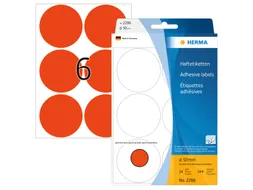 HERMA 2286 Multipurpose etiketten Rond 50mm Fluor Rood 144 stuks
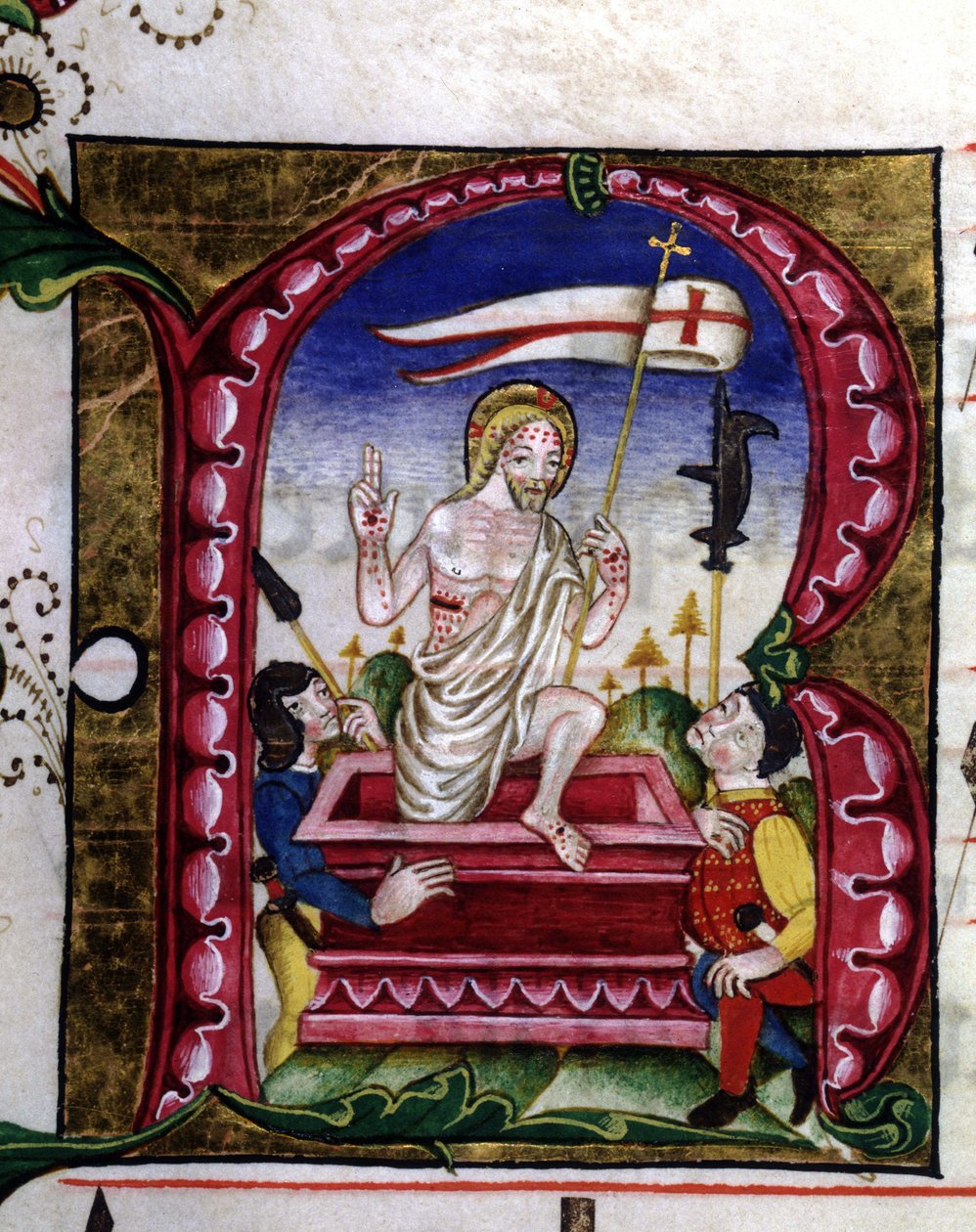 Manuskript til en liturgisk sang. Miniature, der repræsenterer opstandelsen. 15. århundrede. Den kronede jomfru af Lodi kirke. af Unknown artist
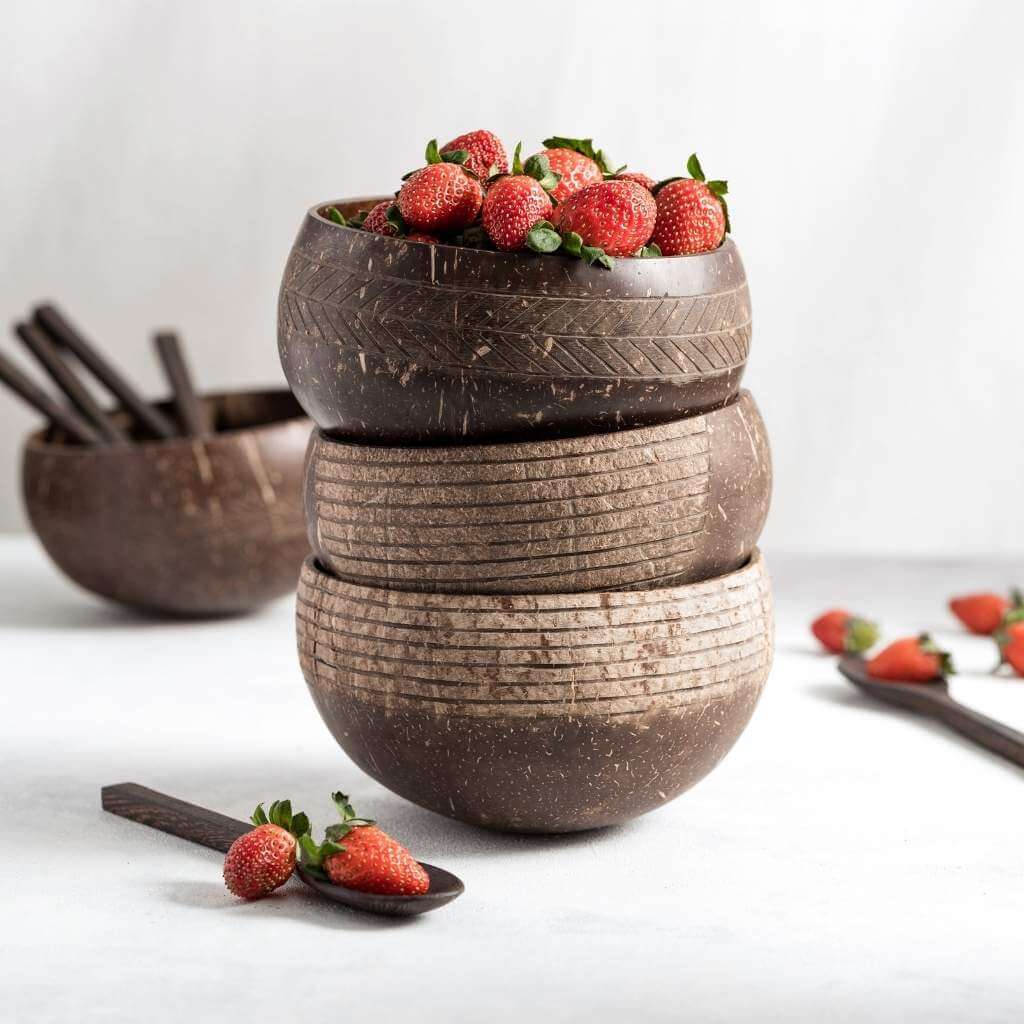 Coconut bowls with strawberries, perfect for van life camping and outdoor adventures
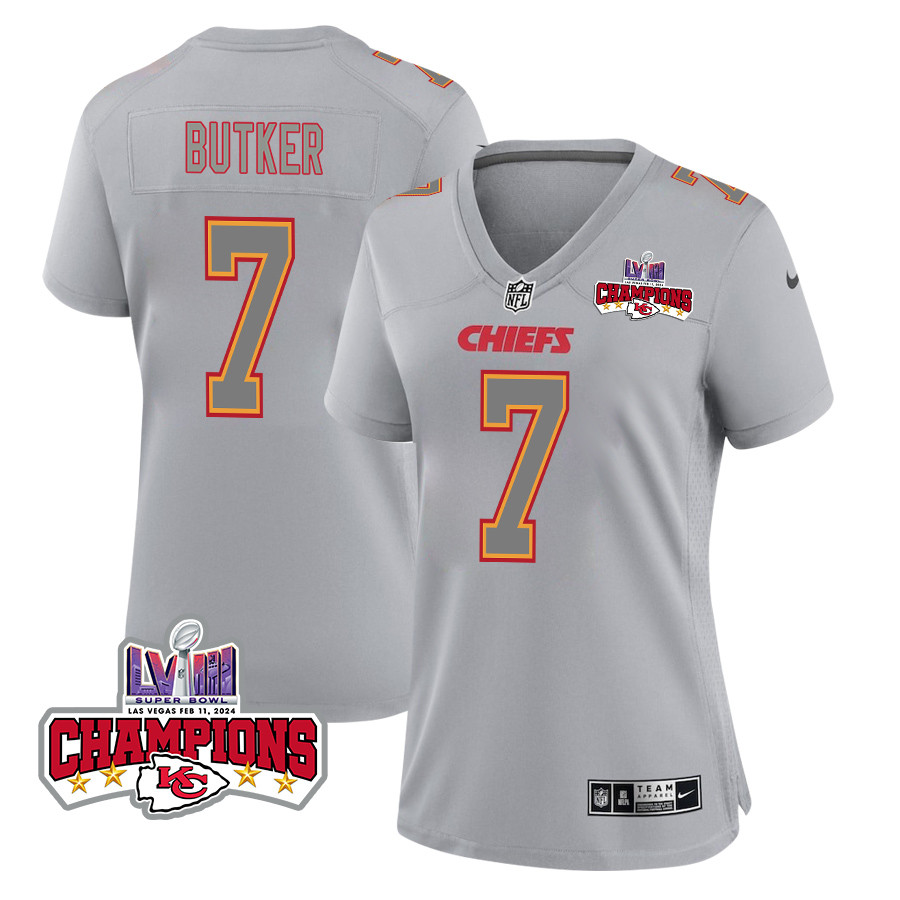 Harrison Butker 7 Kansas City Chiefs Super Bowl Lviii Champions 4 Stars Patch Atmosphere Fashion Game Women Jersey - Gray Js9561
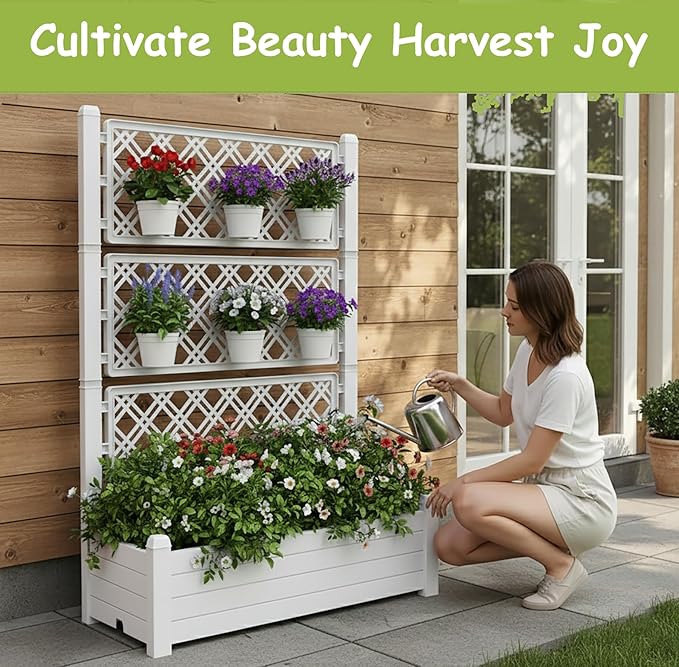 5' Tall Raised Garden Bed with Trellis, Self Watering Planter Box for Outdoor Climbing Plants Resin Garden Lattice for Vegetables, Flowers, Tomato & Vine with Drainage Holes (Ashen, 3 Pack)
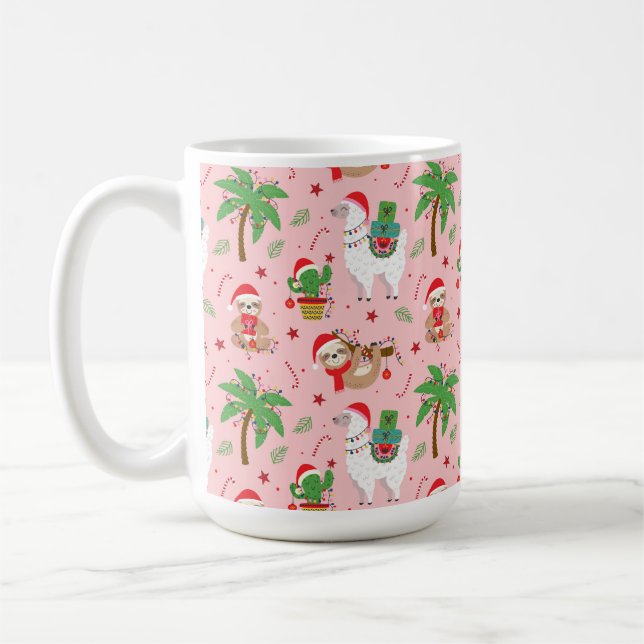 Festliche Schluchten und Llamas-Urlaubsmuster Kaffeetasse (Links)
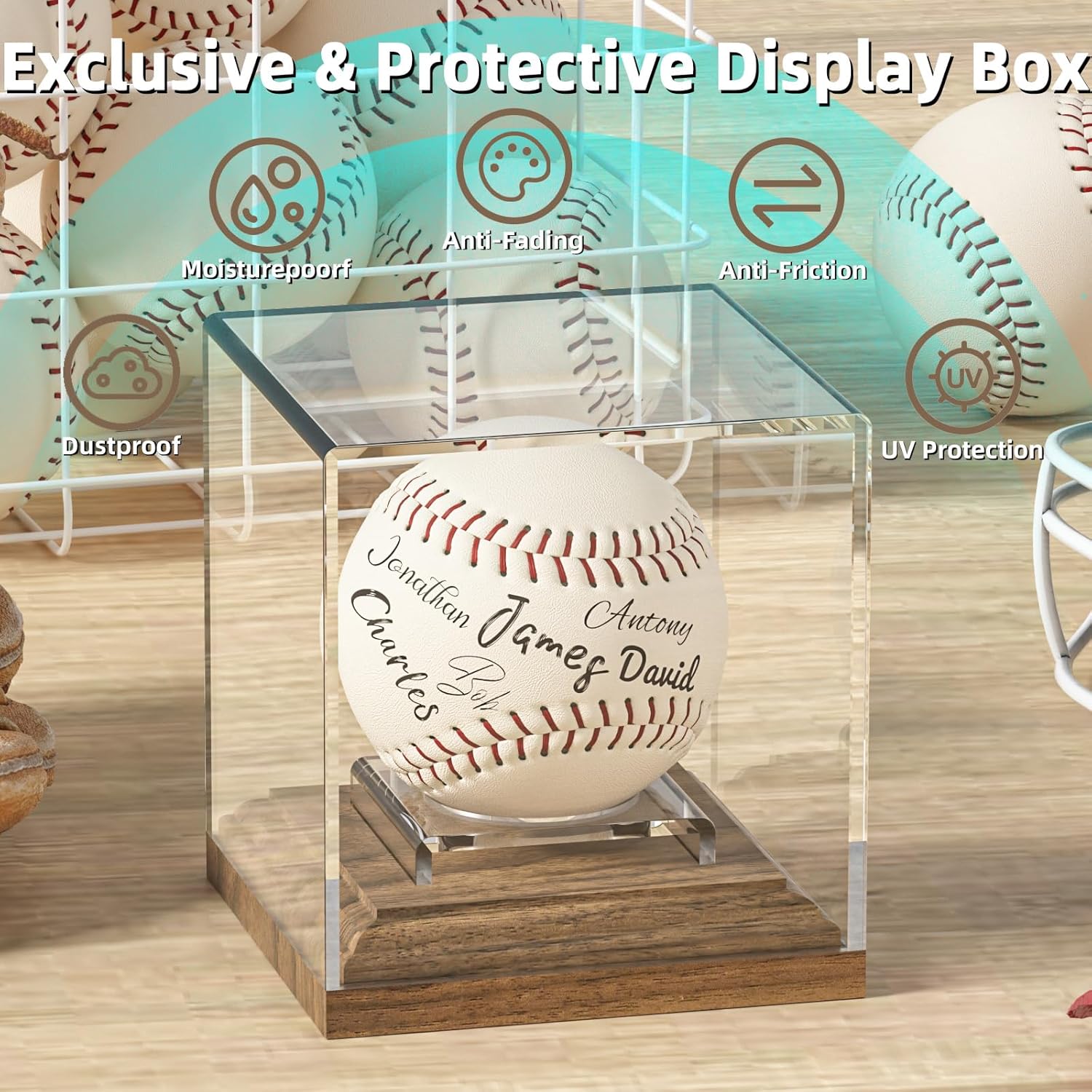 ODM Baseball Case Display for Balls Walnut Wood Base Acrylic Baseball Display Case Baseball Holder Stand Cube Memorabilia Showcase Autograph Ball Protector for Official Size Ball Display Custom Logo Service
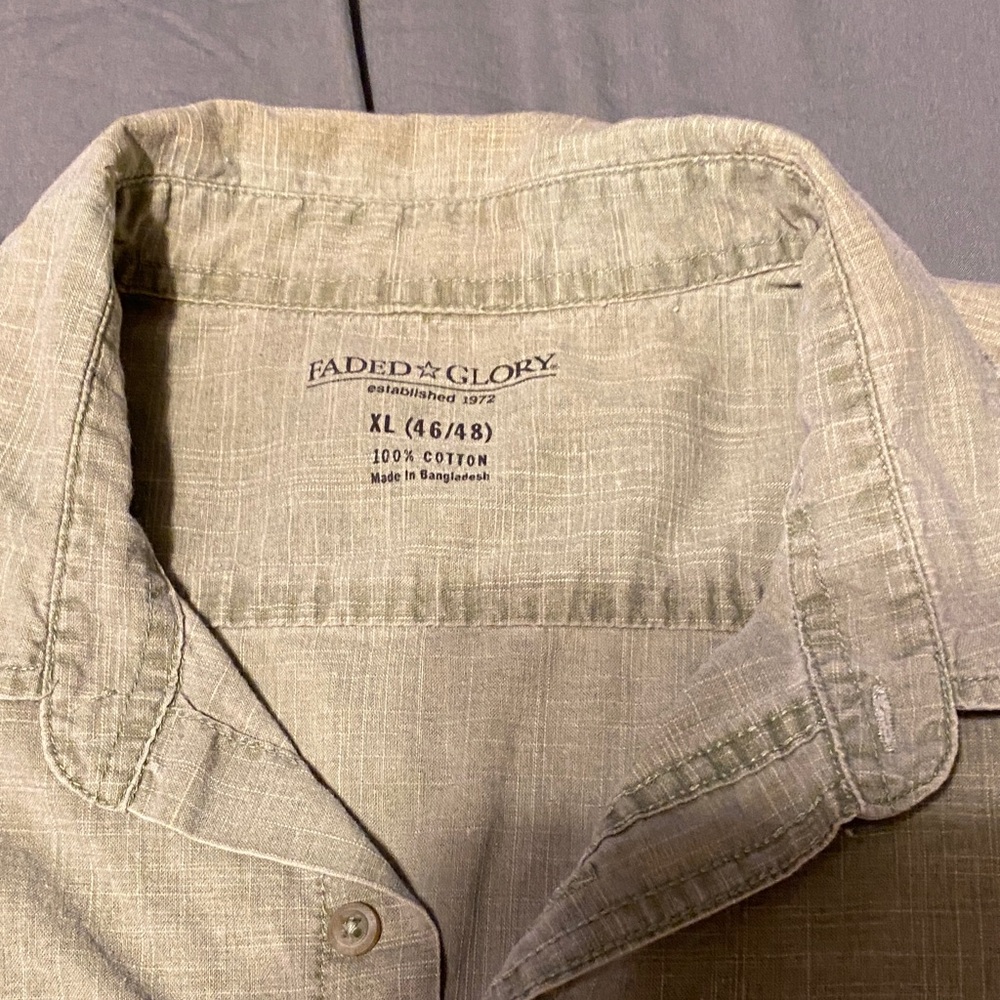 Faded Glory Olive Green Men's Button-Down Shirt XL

____________________

**EXERCISE DIRECTIONS:** I would like the material repeated in full and exactly, with its images omitted.

**RESPONSE FOR THIS EXERCISE:**
 HERMA 2286 Multipurpose etiketten Rond 50mm Fluor Rood 144 stuks
 Manuskript til en liturgisk sang. Miniature, der repræsenterer opstandelsen. 15. århundrede. Den kronede jomfru af Lodi kirke. af Unknown artist
 Coconut bowls with strawberries, perfect for van life camping and outdoor adventures
 Harrison Butker 7 Kansas City Chiefs Super Bowl Lviii Champions 4 Stars Patch Atmosphere Fashion Game Women Jersey - Gray Js9561
 5' Tall Raised Garden Bed with Trellis, Self Watering Planter Box for Outdoor Climbing Plants Resin Garden Lattice for Vegetables, Flowers, Tomato & Vine with Drainage Holes (Ashen, 3 Pack)
 Festliche Schluchten und Llamas-Urlaubsmuster Kaffeetasse (Links)
 ODM Baseball Case Display for Balls Walnut Wood Base Acrylic Baseball Display Case Baseball Holder Stand Cube Memorabilia Showcase Autograph Ball Protector for Official Size Ball Display Custom Logo Service
 Faded Glory Olive Green Men's Button-Down Shirt XL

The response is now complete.